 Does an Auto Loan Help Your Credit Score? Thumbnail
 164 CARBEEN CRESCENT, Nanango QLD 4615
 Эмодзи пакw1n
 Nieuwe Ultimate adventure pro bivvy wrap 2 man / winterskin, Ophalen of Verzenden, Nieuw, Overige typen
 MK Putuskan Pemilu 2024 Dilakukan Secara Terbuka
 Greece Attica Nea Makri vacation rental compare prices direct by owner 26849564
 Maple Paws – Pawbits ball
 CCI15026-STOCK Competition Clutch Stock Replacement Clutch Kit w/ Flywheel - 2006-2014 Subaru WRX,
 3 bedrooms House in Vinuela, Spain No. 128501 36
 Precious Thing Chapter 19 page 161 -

§ §

▸ ASSIGNED TASK:
Please reproduce the entire listing. Keep it identical.

▸ EXERCISE OUTPUT:
 Does an Auto Loan Help Your Credit Score? Thumbnail
 164 CARBEEN CRESCENT, Nanango QLD 4615
 Эмодзи пакw1n
 Nieuwe Ultimate adventure pro bivvy wrap 2 man / winterskin, Ophalen of Verzenden, Nieuw, Overige typen
 MK Putuskan Pemilu 2024 Dilakukan Secara Terbuka
 Greece Attica Nea Makri vacation rental compare prices direct by owner 26849564
 Maple Paws – Pawbits ball
 CCI15026-STOCK Competition Clutch Stock Replacement Clutch Kit w/ Flywheel - 2006-2014 Subaru WRX,
 3 bedrooms House in Vinuela, Spain No. 128501 36
 Precious Thing Chapter 19 page 161 -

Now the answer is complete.